Madhya Pradesh

StateCommission

FA/13/997

MAHINDRA & MAHINDRA - Complainant(s)

Versus

SMT.SHIVANI - Opp.Party(s)

SH. R.B. TIWARI

04 Aug 2017

ORDER

M. P. STATE  CONSUMER  DISPUTES  REDRESSAL  COMMISSION,                         

                             PLOT NO.76, ARERA HILLS, BHOPAL

 

                                 FIRST APPEAL NO. 997 OF 2013

(Arising out of order dated 30.03.2013 passed in C.C.No.1143/2009 by District Forum, Indore)

 

MANAGING DIRECTOR,

MAHINDRA & MAHINDRA LIMITED,

GATEWAY BUILDING, APPOLLO BANDAR,

MUMBAI & ONE ANOTHER.                                                         ….        APPELLANTS.

 

Versus

 

1. SMT. SHIVANI,

    W/O SHRI DR. OM PRAKASH TAWANI,

    R/O 115, SANGHI STREET,

    MHOW DISTRICT-INDORE (M.P.)

 

2. MANAGING DIRECTOR,

    PATWA AUTOMOTIVES PVT. LTD.

    LASUDIA MORI, DEWAS NAKA,

    A.B.ROAD, INDORE (M.P.)                                                             …RESPONDENTS.                                

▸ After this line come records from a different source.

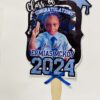 Graduation Personalized Paddle Fan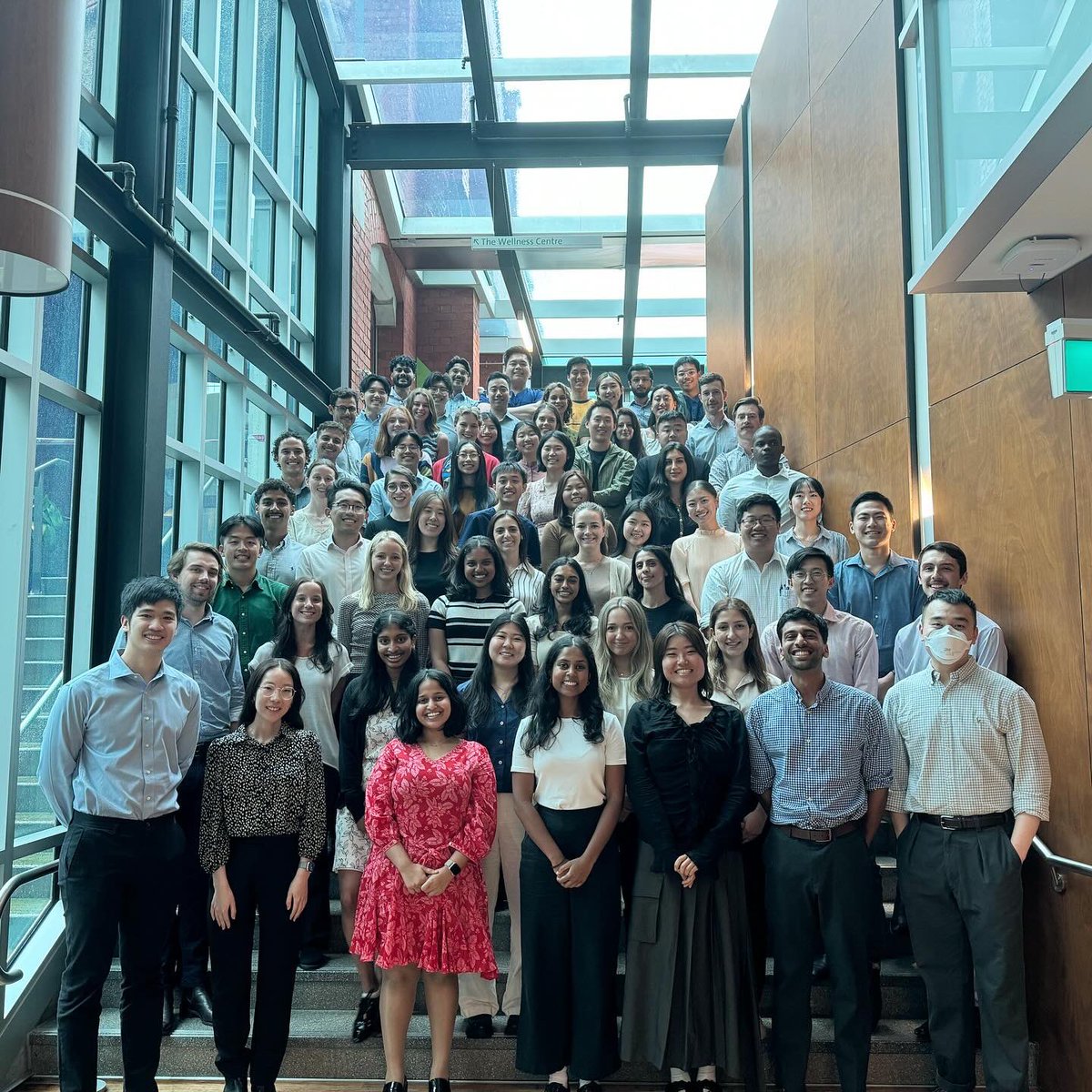 We’re thrilled to welcome 65 bright minds embarking on their medical journey as first-year doctors at Austin Health! This talented cohort are gearing up for their internship orientation, transitioning from medical students to junior doctors 👏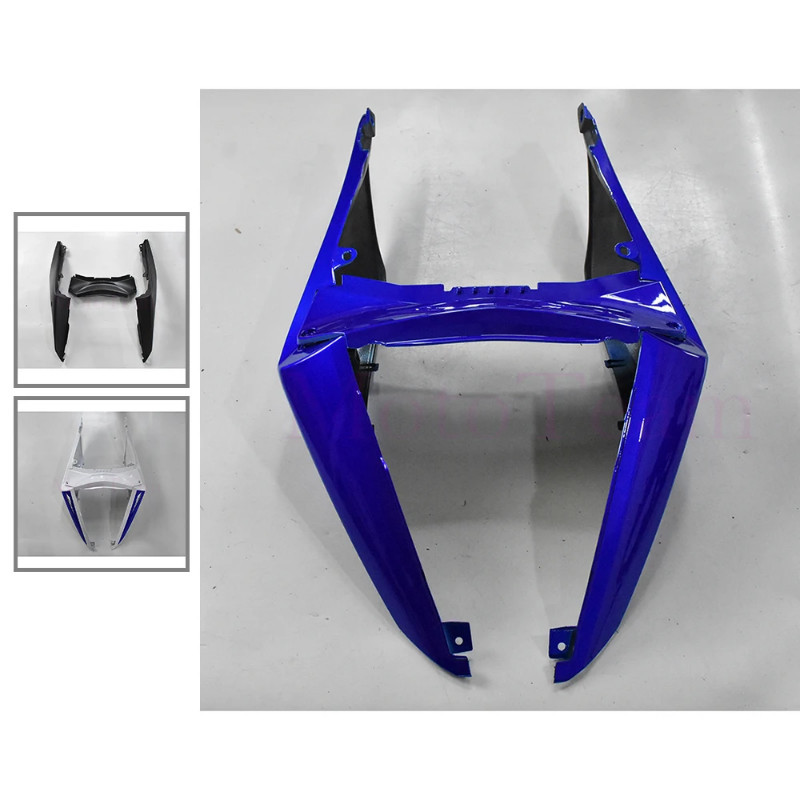 New motorcycle moto Rear Tail Fairing Parts seat Cowl For Yamaha YZF ...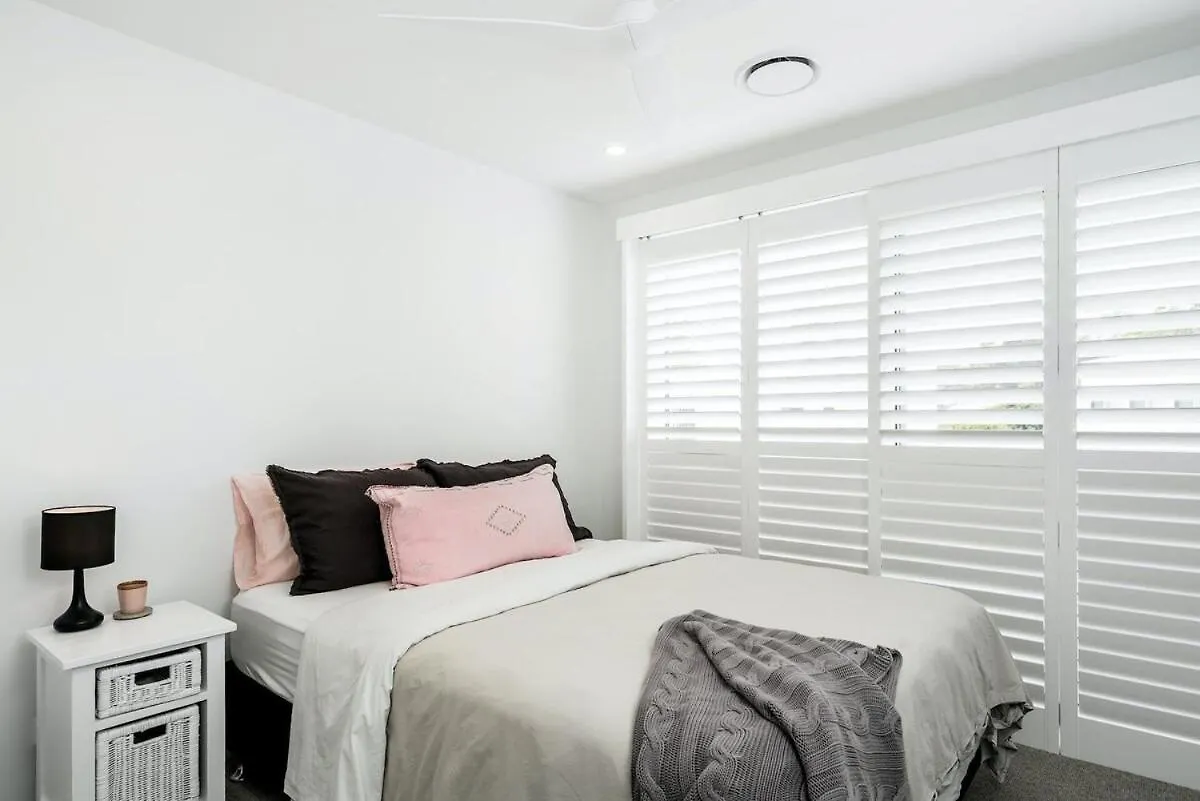Sanctuary Spaces - Lomani Six Byron Bay Villa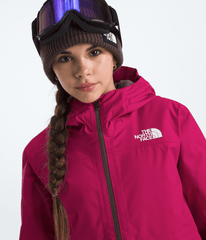 Girls’ Freedom Insulated Jacket - Lali Guran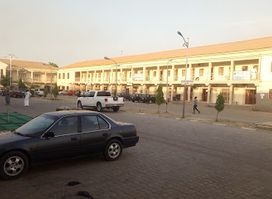 Zara City Plaza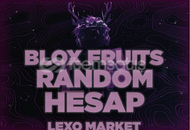 Blox Fruit Random hesap 2800 lvl garantili 
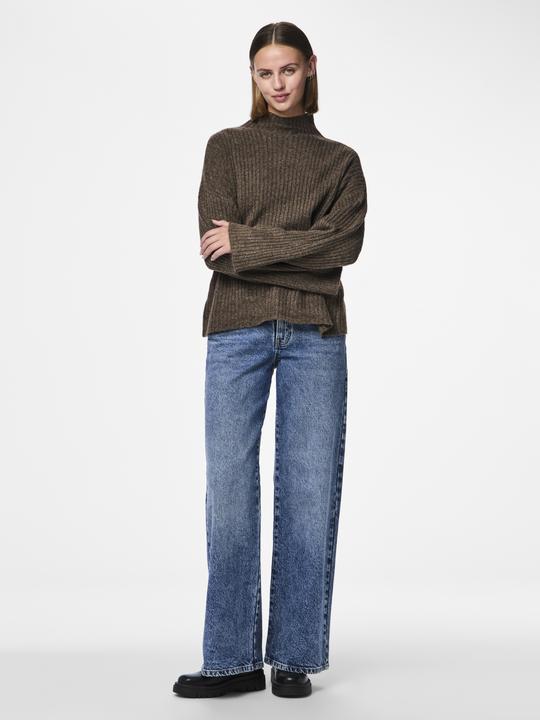 Produktbild Pieces PCTULLE Pullover mit hohem Kragen (S)
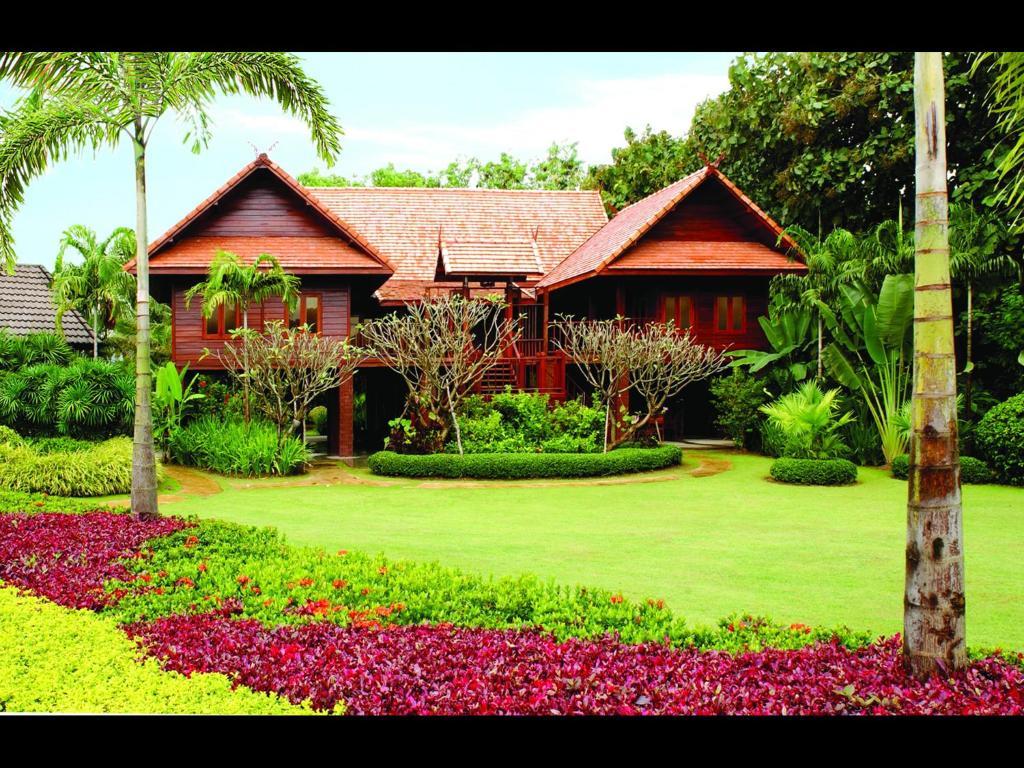 Fueng Fah Riverside Gardens Resort Mae Rim Zewnętrze zdjęcie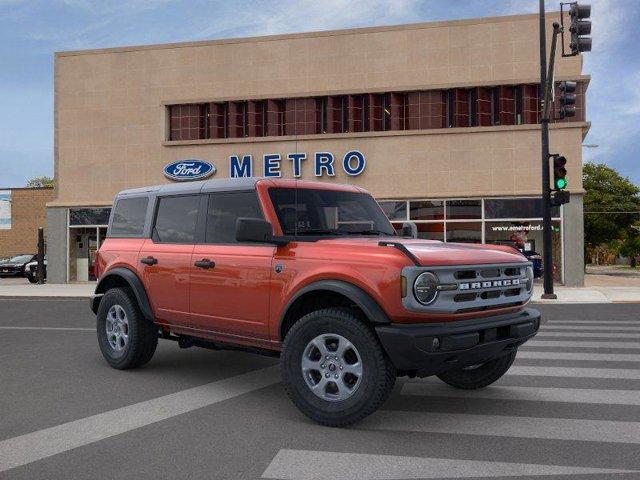 new 2024 Ford Bronco car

                                 

BEFORE :

            HON’BLE SHRI JUSTICE RAKESH SAKSENA  :    PRESIDENT

            HON’BLE SHRI SUBHASH JAIN                         :    MEMBER

COUNSEL FOR PARTIES :

                Shri R. B. Tiwari, learned counsel for appellants.

            Respondent no.1 is present in person.

           None for the respondent no.2.                                                              

                                                  O R D E R

                                           (Passed On 04.08. 2017)

                   The following order of the Commission was delivered by Shri Subhash Jain, Member:

           

                   This appeal under Section 15 of the Consumer Protection Act, 1986 has been filed by the opposite party no.1 and 2 Mahindra & Mahindra Limited (hereinafter referred to as ‘appellant’) being aggrieved by the order dated 30.03.2013 passed by the District Consumer Disputes Redressal Forum, Indore in C.C.No.1143/2009 whereby the complaint filed by the complainant/respondent no.1 is allowed.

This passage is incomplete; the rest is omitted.